Stored data
------
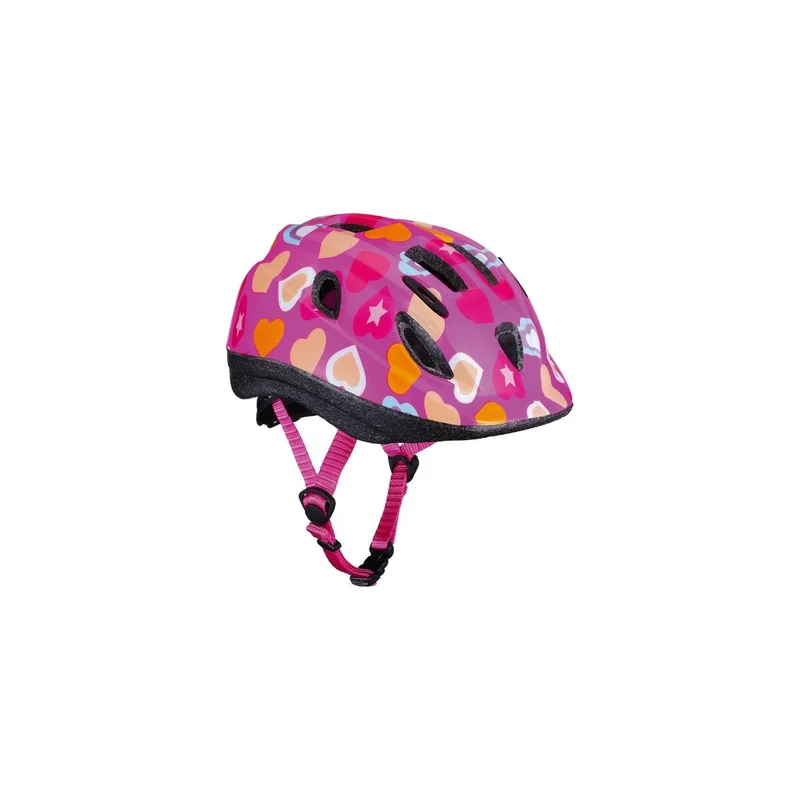 onvelocycling20260524083332559167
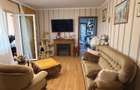 Vand apartament cu 3 camere - 3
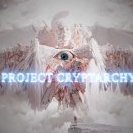 Project Cryptarchy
------
Your assignment
Find the line that has "Vand apartament cu 3 camere - 3" in the listing, then retype it and each later line up to the last, exactly. Leave pictures out.

Solution
 Vand apartament cu 3 camere - 3
 Project Cryptarchy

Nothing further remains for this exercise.